BRIEF — Pictures excluded, return the lines below from the first through the line holding "Volkswagen Tiguan 1.4".

※

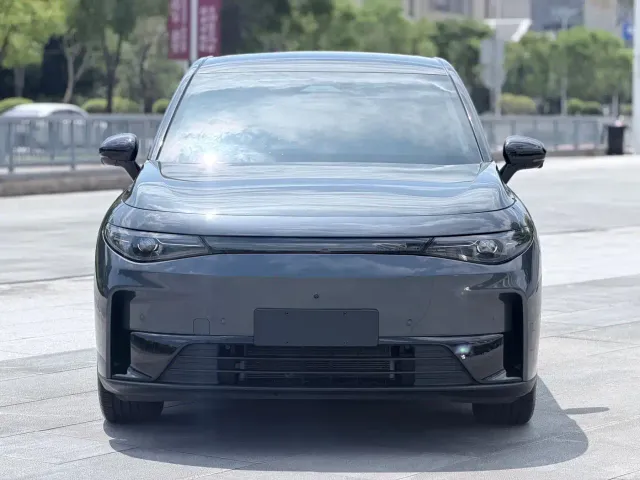 Leapmotor C10 — Фото автомобиля 2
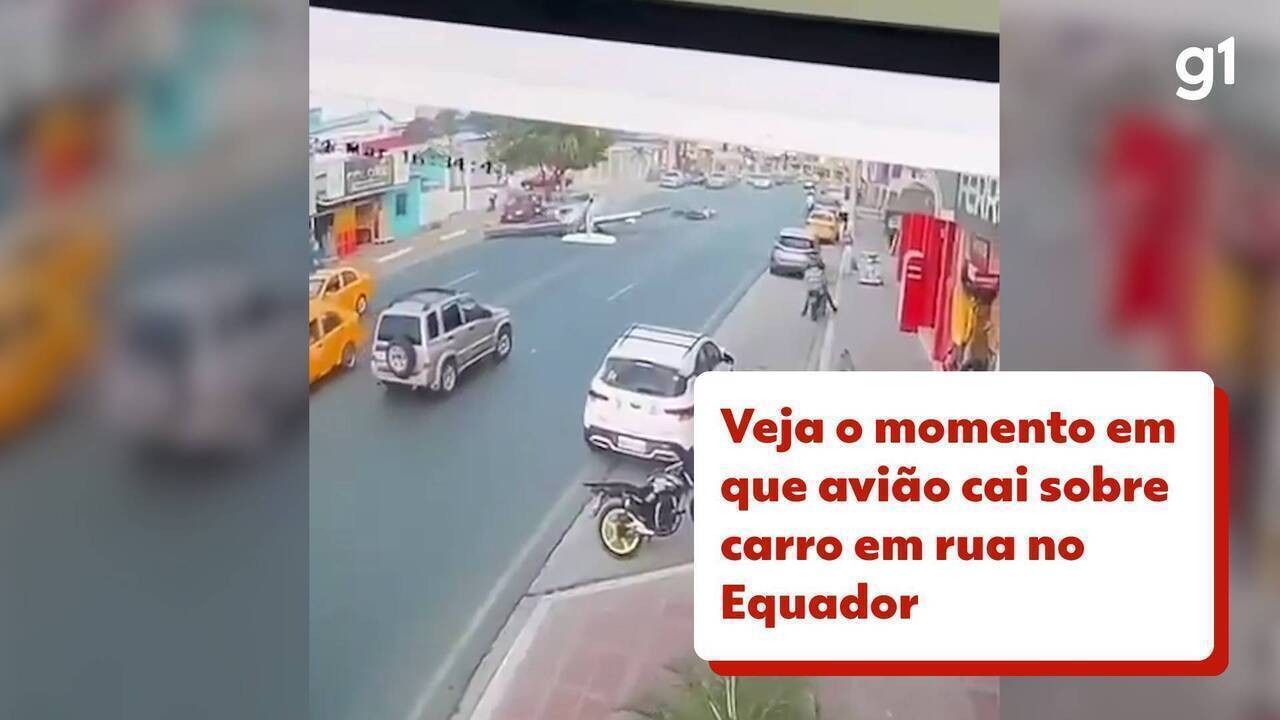 VÍDEO: Veja momento em que avião cai sobre carro em rua movimentada no Equador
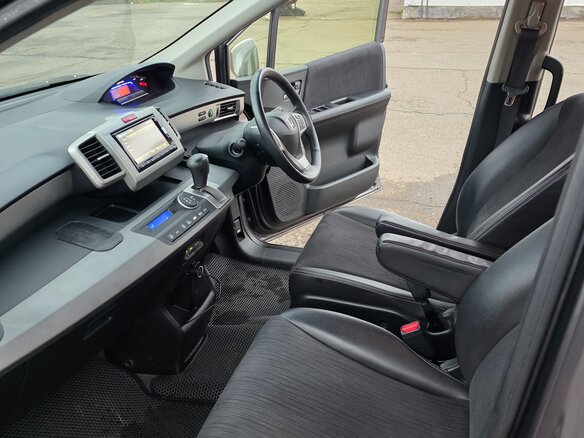 2014 Honda Freed I Рестайлинг 2, серый, 1180000 рублей - вид 18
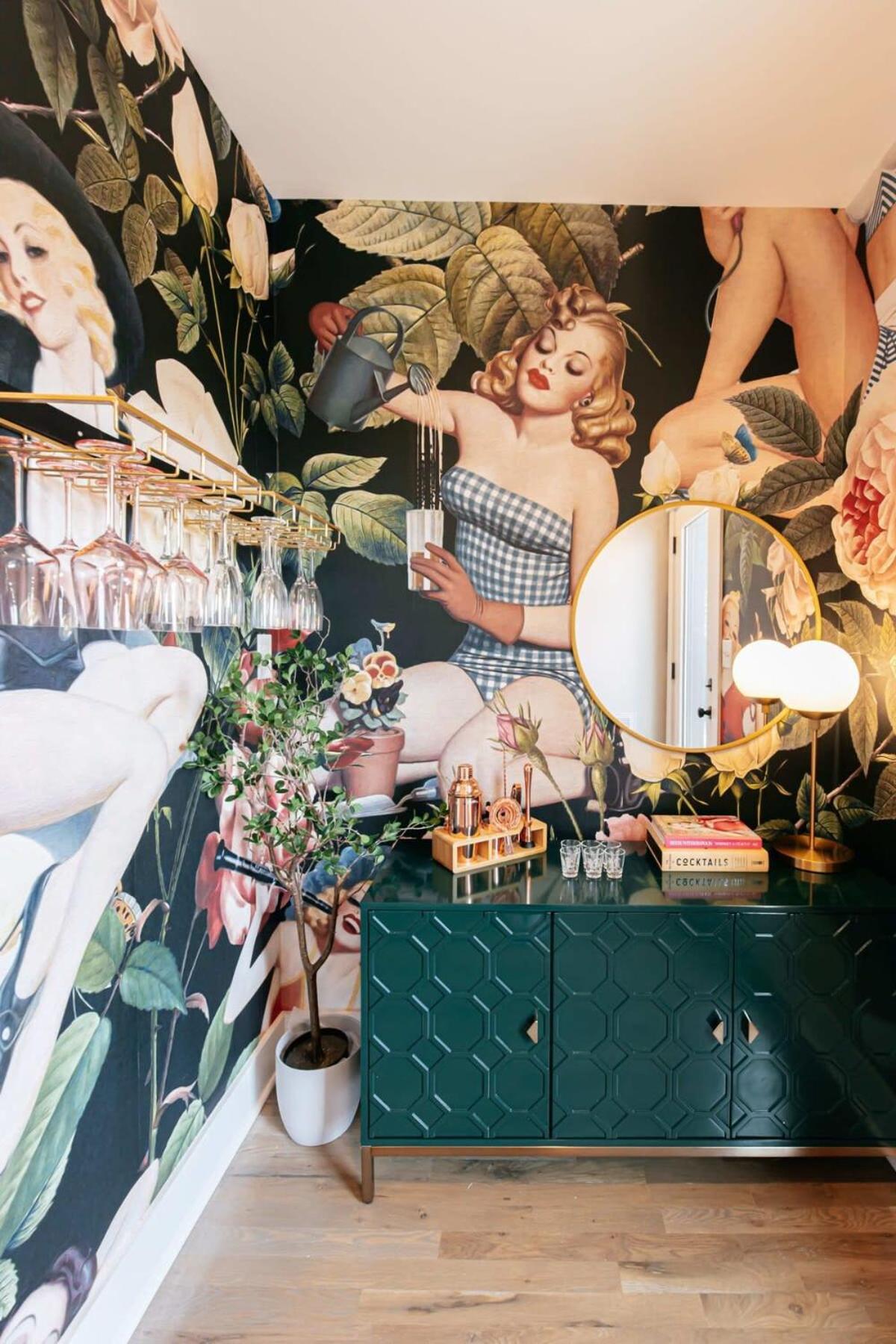 Designer Single Family House-rooftop- Hot Tub Holiday home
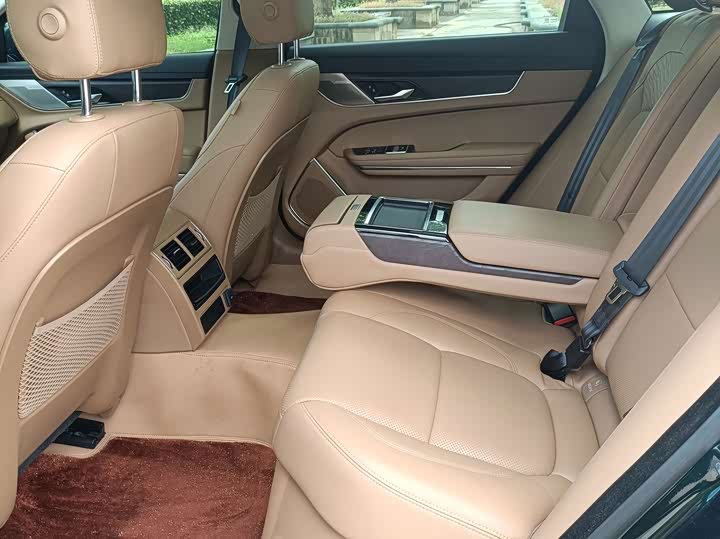 Jaguar XF L, 2024 — фото 6 из 9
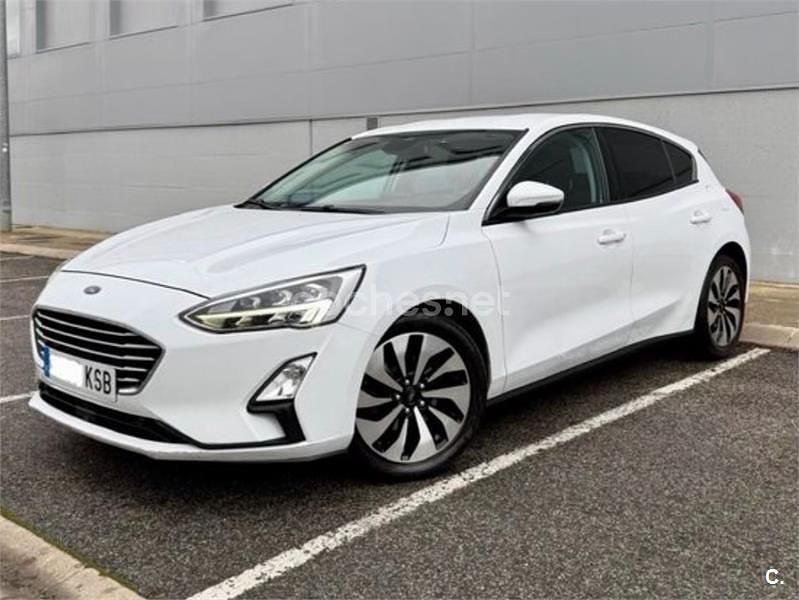 Używany Ford Focus Trend 125 KM (91 kW) 2018 Biały Sedan/Limuzyna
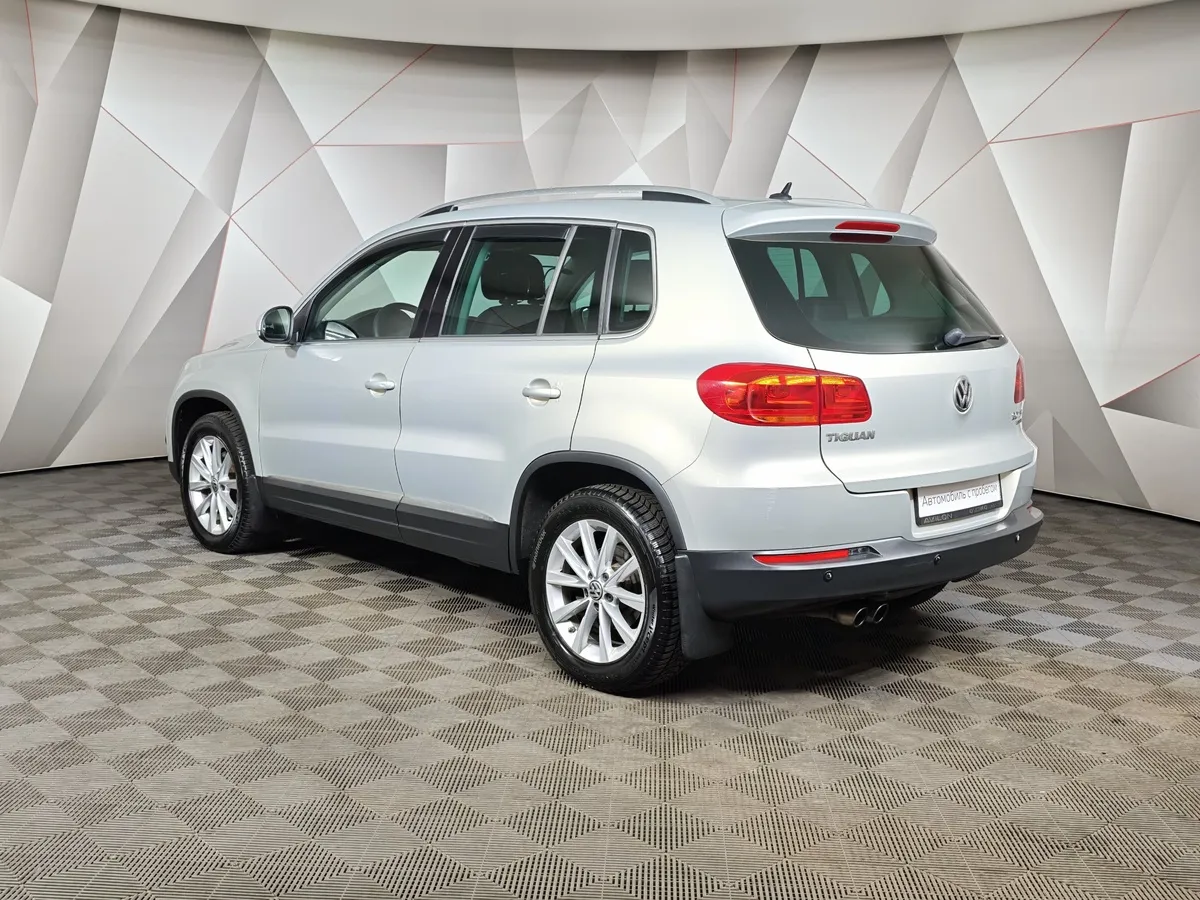 Volkswagen Tiguan 1.4 TSI 4Motion AT (150 л.с.) Серебристый в АВИЛОН. Слайд №4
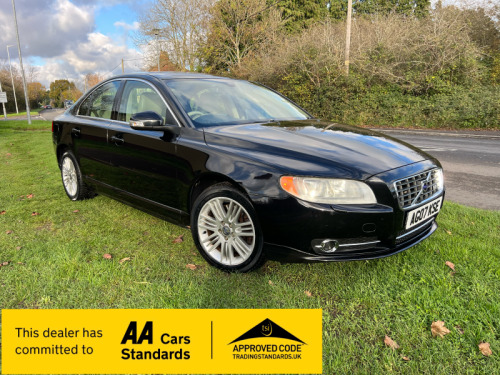 Volvo S80  SE LUX V8 A 4-Door 21 SERVICE STAMPS RARE CAR ULEZ COMPLIANT 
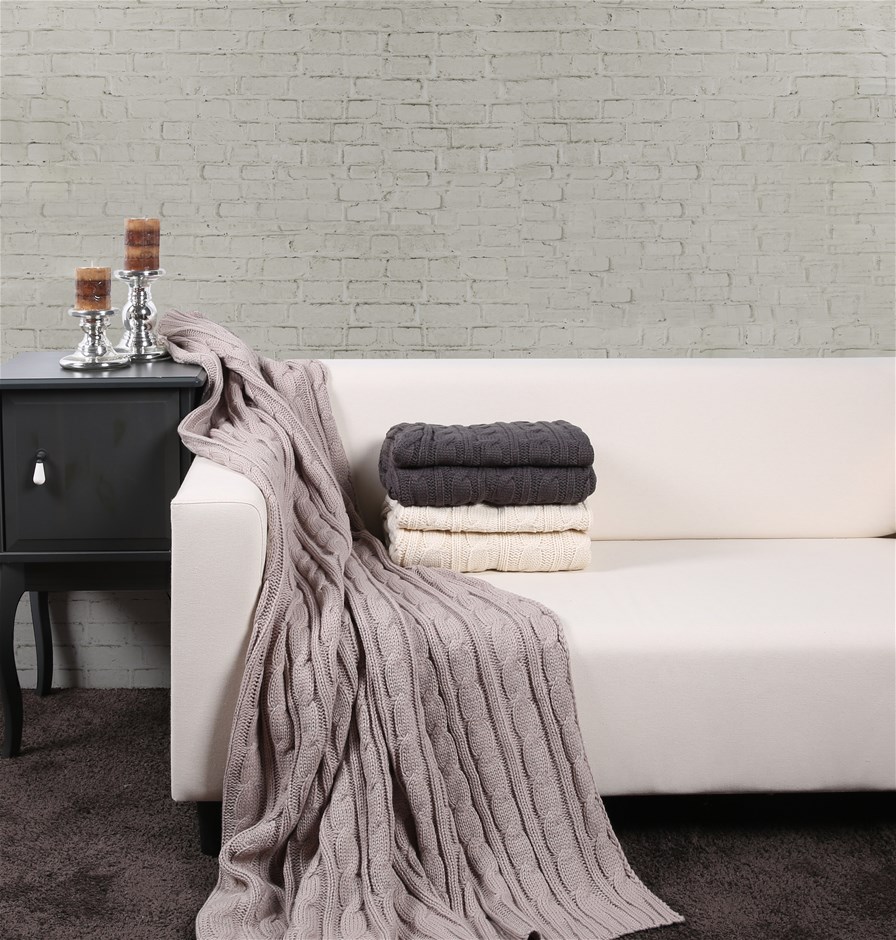 Thick and Chunky Cable Knit Throw - Line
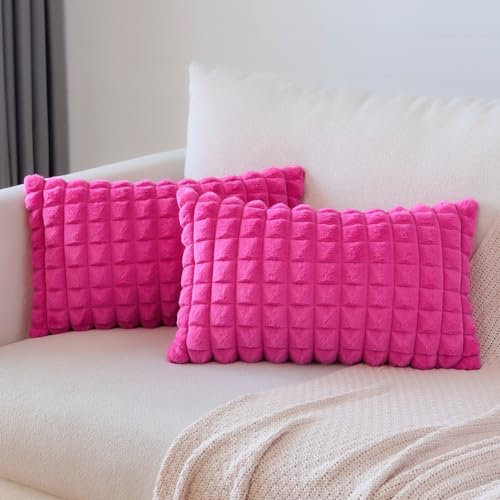 Soleebee Lot de 2 housses de coussin décoratives en velours - Fourrure synthétique douce - Texture plaid - Pour canapé, chambre à coucher - Décoration d'intérieur - 30 x 50 cm - Rose rouge
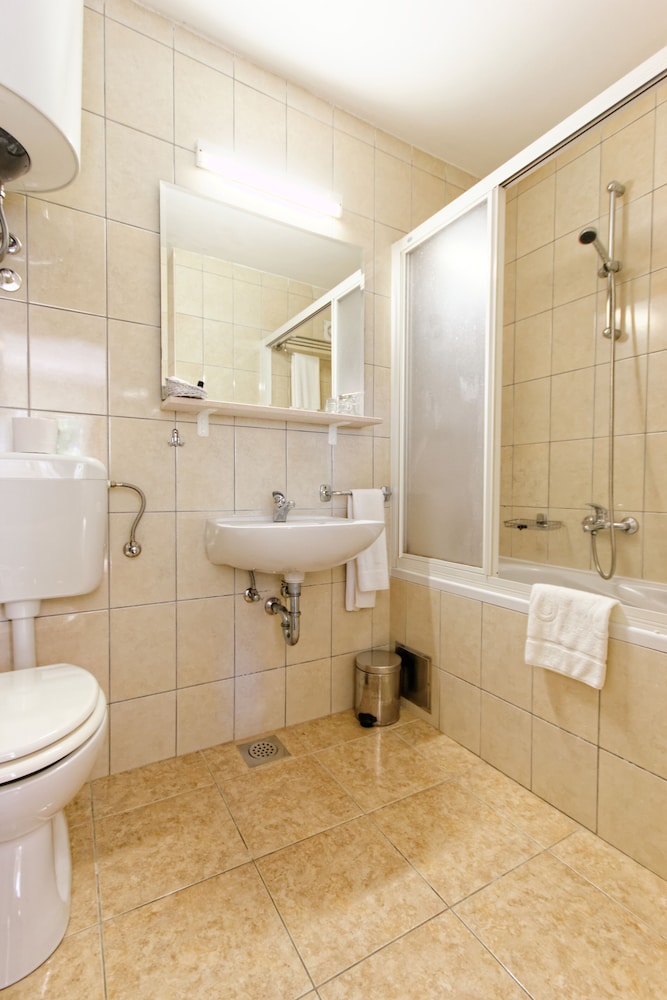 Standard Double or Twin Room, Sea View - Photo 5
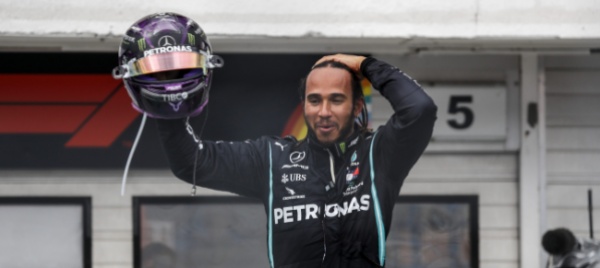 formula-1-nessuna-emozione-in-ungheria-trionfa-hamilton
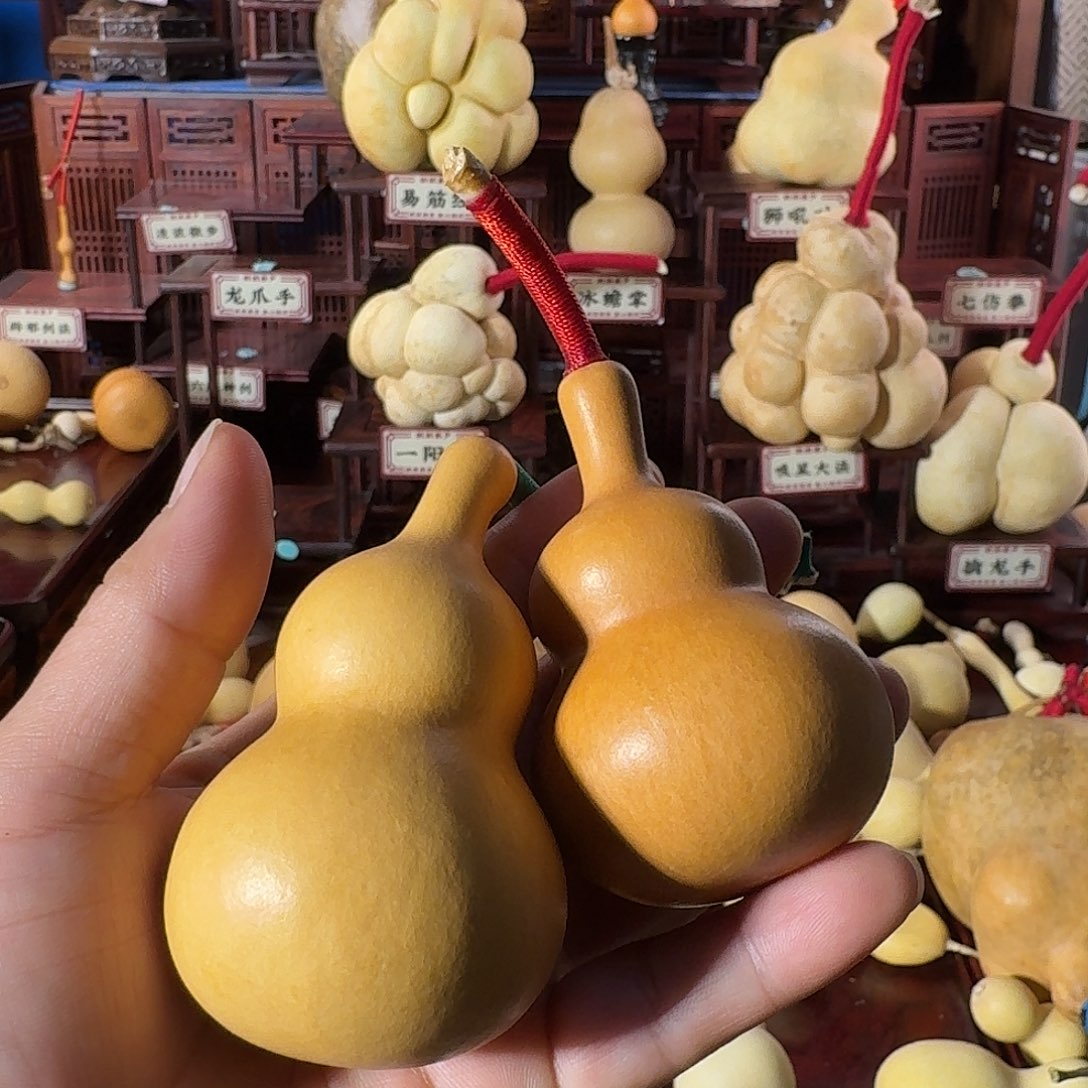 白***长老皮厚皮压手漂亮福利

※

OUTPUT FOR THIS TASK —
 Leapmotor C10 — Фото автомобиля 2
 VÍDEO: Veja momento em que avião cai sobre carro em rua movimentada no Equador
 2014 Honda Freed I Рестайлинг 2, серый, 1180000 рублей - вид 18
 Designer Single Family House-rooftop- Hot Tub Holiday home
 Jaguar XF L, 2024 — фото 6 из 9
 Używany Ford Focus Trend 125 KM (91 kW) 2018 Biały Sedan/Limuzyna
 Volkswagen Tiguan 1.4 TSI 4Motion AT (150 л.с.) Серебристый в АВИЛОН. Слайд №4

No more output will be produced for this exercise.